July 9, 2012
My son can jump.
Not very high, mind you, but he can jump nonetheless. And every time he does, my heart swells with pride and breaks with utter sadness.
When James was 2 years old, he couldn’t jump at all. He tried so hard, and he used to get both excited and frustrated when his 1 year old sister could jump. But he couldn’t. He used to do this funny little “one foot off the ground, the other firmly planted” kind of jump.
When the doctors first told us he had Duchenne, they also told us (amongst other things) that he would most likely never jump. Many Duchenne boys never manage to get both feet off the ground, and they continue doing the little “one footed jump” until they don’t even have the strength to do that. That first night after they told us, we cried. And we cried for the next few months. Not because he wouldn’t be able to jump, but because he wouldn’t be able to do so many things that we all take for granted. He wouldn’t be able to climb steps, or go rock climbing, or even hiking. He wouldn’t be able to run into the surf, or drive a car, or snow ski. He wouldn’t be able to run a cross-country, or play rugby, or run up sand dunes. And, to top it all off, he wouldn’t be able to jump. It all sounds so silly, so trivial to cry over, but unless it’s your child who’s faced with a future like this, you have no idea what a devastating blow this can be.
We made the decision, shortly after his diagnosis, to put him on the dreaded daily steroids in the hope that we would see a temporary increase in strength and ability. Basically, we chose to fill his body with poison in the perhaps-vain hope that he would be able to experience some extra strength to walk upstairs and run and maybe even jump. But even with side effects such as terrible weight gain, reduced bone density, stomach ulcers, and cataracts, it was an easy choice to make.
And it all boils down to this – James will lose the ability to do EVERYTHING physical. EVERYTHING. And that’s if his heart doesn’t give out beforehand. So it makes perfect sense to help him experience as much as he can, whilst he can. Putting him on Deflazacort was a no-brainer.

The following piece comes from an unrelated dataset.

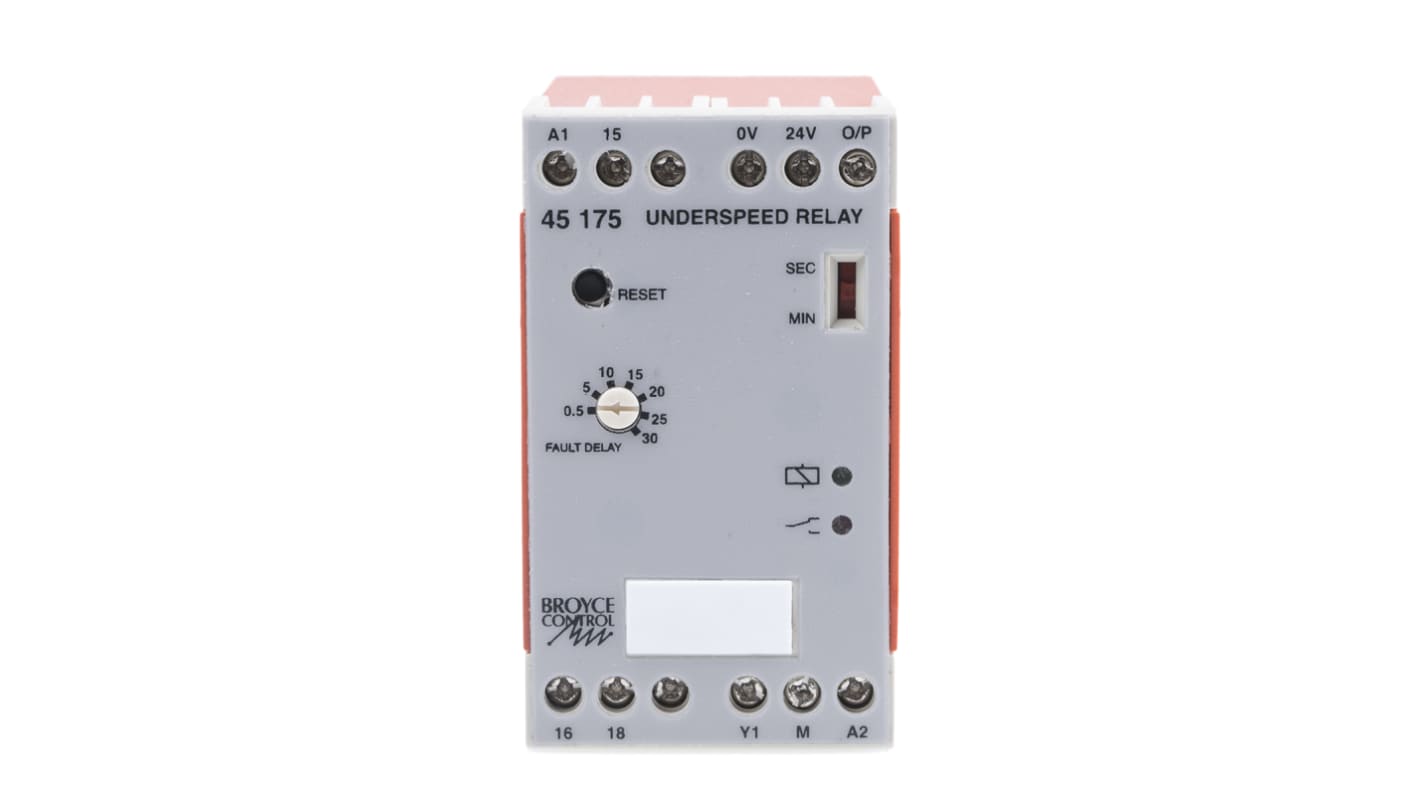 Broyce Control Speed Monitoring Relay, SPDT, DIN Rail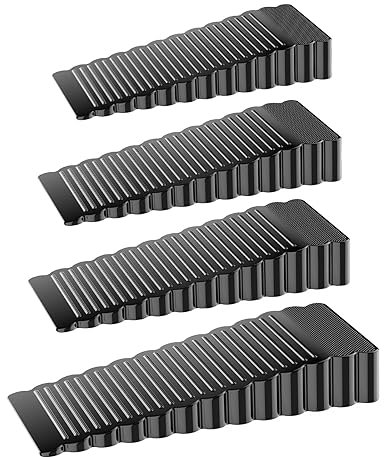 Geepen 4 Pièces Arrêts de Portes, Cale Porte Caoutchouc Souple Antidérapante Hauteur Réglable Butoir de Porte pour Tapis, Béton, Parquets, Sols Stratifiés,Noir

Within weeks of starting on his “roids” he was climbing out of his cot, and up over his changing table. He was climbing stairs, and he was running. Okay, his run was a little bit strange by elite athlete standards, but it was most definitely a (kind of) run.
And then came the day I will never forget. I was sitting on the lounge in our Singapore apartment, and the door was open out to the balcony. James and Charlyse were running in and out of the apartment onto the balcony, having fun as little kids do. I was watching them, laughing at them giggling away. And then he did it. . . . he jumped. It wasn’t a big jump, and if I wasn’t watching I would have missed it completely, but it was most definitely a jump. I watched him as a look of total surprise, a look of complete disbelief, crossed his face. He was so shocked, and it was like he had to jump again just to make sure he’d really experienced what he thought he had. And there it was, even higher – another jump.
I can tell you now, I have never screamed or cheered so loud with delight and disbelief in my life. That moment was pure magic. And I was lucky enough to witness it. I knew, I was totally aware, how amazing this moment was. My boy had jumped. And he got not just one foot, but TWO feet off the ground and in the air at the same time. He’d jumped. I was so happy for him. And I was so sad as well. Because I knew that one day in the near future, he would lose the ability to get two feet off the ground. And then eventually he’d lose the ability to get one foot off the ground.
But here we are today, almost 6 years later, and he can still jump. His jumps aren’t as high or as frequent, but he can still do them. And the joy, the look of genuine surprise on his face, is still apparent every single time he gets in the air. Almost as if it’s his first time jumping.
Please Duchenne, please give him (and me) just a little bit longer to experience this simple joy. Don’t take it away from him just yet. Please?